Okay, so how does this initially neutral sphere acquire a net negative charge? Where does this negative charge come from?

Hi Hootenanny

I'm still thinking about this. Say we have a conducting sphere in an electric field, and all the electrons pile up on the right side and there's a deficit of negative charges on the left side. We place a grounded metal-stick on the right side.
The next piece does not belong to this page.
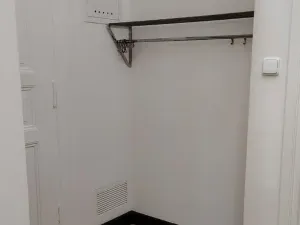 Pronájem bytu 1+kk, Praha - Nové Město, Hálkova, 31 m2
Now, why is it that the electrons cannot go into the ground? I know there's no net charge inside or outside the conductor, but what is the argument that tells me that the electrons cannot go to the ground even if the electric field is very strong?

Hi Hootenanny

I'm still thinking about this. Say we have a conducting sphere in an electric field, and all the electrons pile up on the right side and there's a deficit of negative charges on the left side. We place a grounded metal-stick on the right side.

Now, why is it that the electrons cannot go into the ground? I know there's no net charge inside or outside the conductor, but what is the argument that tells me that the electrons cannot go to the ground even if the electric field is very strong?
What makes you think that they won't go to ground?

If indeed a point charge causes point charge displacement in a grounded plate, energy must be expended displacing the charges. Voltage's energy is stored in capacitors, therefore the grounded plate and point charge form a capacitor.

The solitary point charge has a field that influences every point charge in the plate. What is weird is that the number of charges on each plate of a capacitor is equal. Therefore a single point charge in the plate is displaced; all other charges are not displaced.

What makes you think that they won't go to ground?
I don't know why, actually.. it struck me after I had posted. It's only if we place the grounded metal-stick on the side with the deficit of negative charges that additional negative charges are drawn from ground, since the atoms are fixed in the lattice.